Friday, November 19, 2010

Can't. Believe. I. Am. Posting. This. Nonsense.

Hey, you guys...I had a weird day. So, this is not 30 posts of anything other than how Erratic had a crazy fucking day. Most of it was self induced stupidity because I have not slept since Tuesday. 

So...fairly normal day full of fairly normal things. Then I get to work. And it was like someone slipped me acid.

1. I cut my finger on a knife. That was laying on a table. By rubbing my finger against the blade while wrapping cheese. Seriously.

2. I stabbed a chicken. With a different knife. On accident. Just, kind of, stabbed it. People should not give me knives when I have not gotten adequate sleep. (Note: the chicken was dead)

3. I cut my finger open trussing a chicken. Blood. Rope. Yeah. (Note: it was a different chicken)

4. I ran into, that I remember, a wall, the rotisserie, multiple coworkers, and the Hobart. The last one was with my head. Just ran right into it. Been working there four months. It has always been there.

THEN! Have you seen "The Middle"? I don't really like it. But, the kid what whispers cracks me the fuck up and today at work somebody did it! I looked over and she was mumbling to herself that she hated when she couldn't say words. Queue scene.

Erratic: What word can't you say?
Weird Girl: Pork and Cheese
Erratic: Like a cheese flavored pork or a pork flavored cheese?
Weird Girl: No. Pork and Cheese.
Erratic: I just keep hearing Pork and Cheese. Spell it for me.
Weird Girl: Pouss...I don't know how to spell it.
Other Dude: Are you trying to say Portuguese?
Weird Girl: YES! (AND THEN THE BEST THING EVER HAPPENED...She put her head down and whispered...pork and cheese.)
Erratic: I know a dude from Portugal that is hearing this story. There is just no way around that one.

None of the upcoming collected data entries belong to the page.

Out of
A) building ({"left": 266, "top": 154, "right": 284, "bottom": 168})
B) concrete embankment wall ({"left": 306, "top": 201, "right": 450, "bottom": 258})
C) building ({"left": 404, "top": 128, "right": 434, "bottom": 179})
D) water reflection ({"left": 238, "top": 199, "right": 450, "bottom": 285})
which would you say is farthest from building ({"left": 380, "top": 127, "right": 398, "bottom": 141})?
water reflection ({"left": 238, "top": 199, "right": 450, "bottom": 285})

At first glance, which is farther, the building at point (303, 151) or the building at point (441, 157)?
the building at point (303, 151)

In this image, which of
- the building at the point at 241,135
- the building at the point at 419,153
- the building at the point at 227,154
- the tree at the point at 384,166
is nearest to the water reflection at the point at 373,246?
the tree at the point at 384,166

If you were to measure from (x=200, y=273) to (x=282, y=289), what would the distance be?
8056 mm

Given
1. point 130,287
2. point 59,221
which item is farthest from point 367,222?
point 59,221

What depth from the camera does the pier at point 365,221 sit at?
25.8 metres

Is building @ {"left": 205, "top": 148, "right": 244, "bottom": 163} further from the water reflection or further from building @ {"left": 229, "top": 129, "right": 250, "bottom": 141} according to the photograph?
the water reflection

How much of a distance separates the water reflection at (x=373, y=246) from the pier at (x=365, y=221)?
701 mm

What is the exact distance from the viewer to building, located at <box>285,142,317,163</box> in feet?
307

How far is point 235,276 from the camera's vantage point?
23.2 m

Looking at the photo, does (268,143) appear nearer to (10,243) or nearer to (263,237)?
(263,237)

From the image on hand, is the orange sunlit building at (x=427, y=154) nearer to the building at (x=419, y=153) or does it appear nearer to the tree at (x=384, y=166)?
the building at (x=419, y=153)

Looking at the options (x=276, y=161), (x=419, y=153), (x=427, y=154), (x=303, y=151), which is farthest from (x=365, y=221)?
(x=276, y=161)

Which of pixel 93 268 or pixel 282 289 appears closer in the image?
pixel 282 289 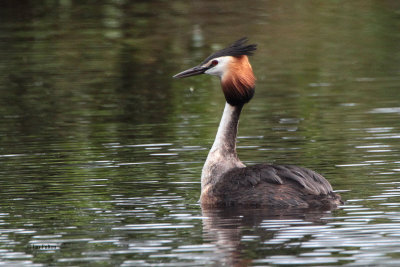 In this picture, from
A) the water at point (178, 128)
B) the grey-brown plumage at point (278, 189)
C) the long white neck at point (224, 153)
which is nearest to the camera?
the water at point (178, 128)

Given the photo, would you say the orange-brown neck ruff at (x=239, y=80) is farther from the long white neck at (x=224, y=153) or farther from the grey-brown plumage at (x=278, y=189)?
the grey-brown plumage at (x=278, y=189)

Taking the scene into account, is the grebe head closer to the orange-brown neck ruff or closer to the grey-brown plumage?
the orange-brown neck ruff

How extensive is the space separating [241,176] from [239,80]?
120cm

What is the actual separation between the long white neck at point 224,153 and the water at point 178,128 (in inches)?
14.6

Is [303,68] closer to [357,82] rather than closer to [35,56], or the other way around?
[357,82]

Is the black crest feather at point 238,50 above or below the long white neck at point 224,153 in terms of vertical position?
above

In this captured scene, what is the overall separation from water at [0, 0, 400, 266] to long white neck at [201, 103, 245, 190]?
0.37m

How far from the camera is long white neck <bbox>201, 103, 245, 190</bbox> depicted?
11727 millimetres

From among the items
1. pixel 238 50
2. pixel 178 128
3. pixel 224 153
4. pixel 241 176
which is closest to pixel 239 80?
pixel 238 50

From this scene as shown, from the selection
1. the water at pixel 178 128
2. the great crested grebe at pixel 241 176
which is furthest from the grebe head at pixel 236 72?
the water at pixel 178 128

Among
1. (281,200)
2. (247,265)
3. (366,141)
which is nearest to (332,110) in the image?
(366,141)

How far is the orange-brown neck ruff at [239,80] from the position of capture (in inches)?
463

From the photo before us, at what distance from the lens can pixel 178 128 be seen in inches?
664

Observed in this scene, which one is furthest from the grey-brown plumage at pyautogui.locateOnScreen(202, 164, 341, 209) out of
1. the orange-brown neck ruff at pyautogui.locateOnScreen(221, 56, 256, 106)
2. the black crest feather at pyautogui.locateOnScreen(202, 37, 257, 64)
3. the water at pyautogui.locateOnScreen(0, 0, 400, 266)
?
the black crest feather at pyautogui.locateOnScreen(202, 37, 257, 64) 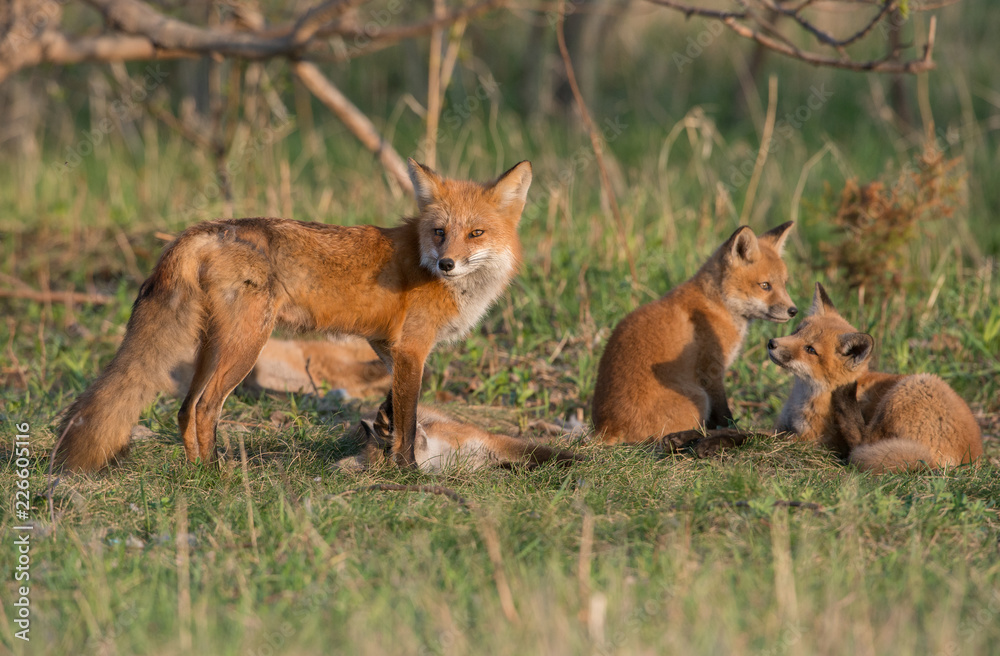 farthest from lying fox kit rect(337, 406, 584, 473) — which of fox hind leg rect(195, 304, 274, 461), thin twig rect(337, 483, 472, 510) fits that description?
fox hind leg rect(195, 304, 274, 461)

Other Dude...Hours Later: Remember when weird girl couldn't say Portuguese. (Queue hilarious laughter)

I really hope that wasn't a "you had to be there" moment, because I just peed a little typing it.

So, then I left work and was driving home and LITERALLY FORGOT TO TURN. Like, just didn't turn. Almost drove off the road. Because I was too tired to remember to turn the car. Wasn't dozing off. Eyes were wide open. Just forgot to turn. Rumble strips seriously saved my life.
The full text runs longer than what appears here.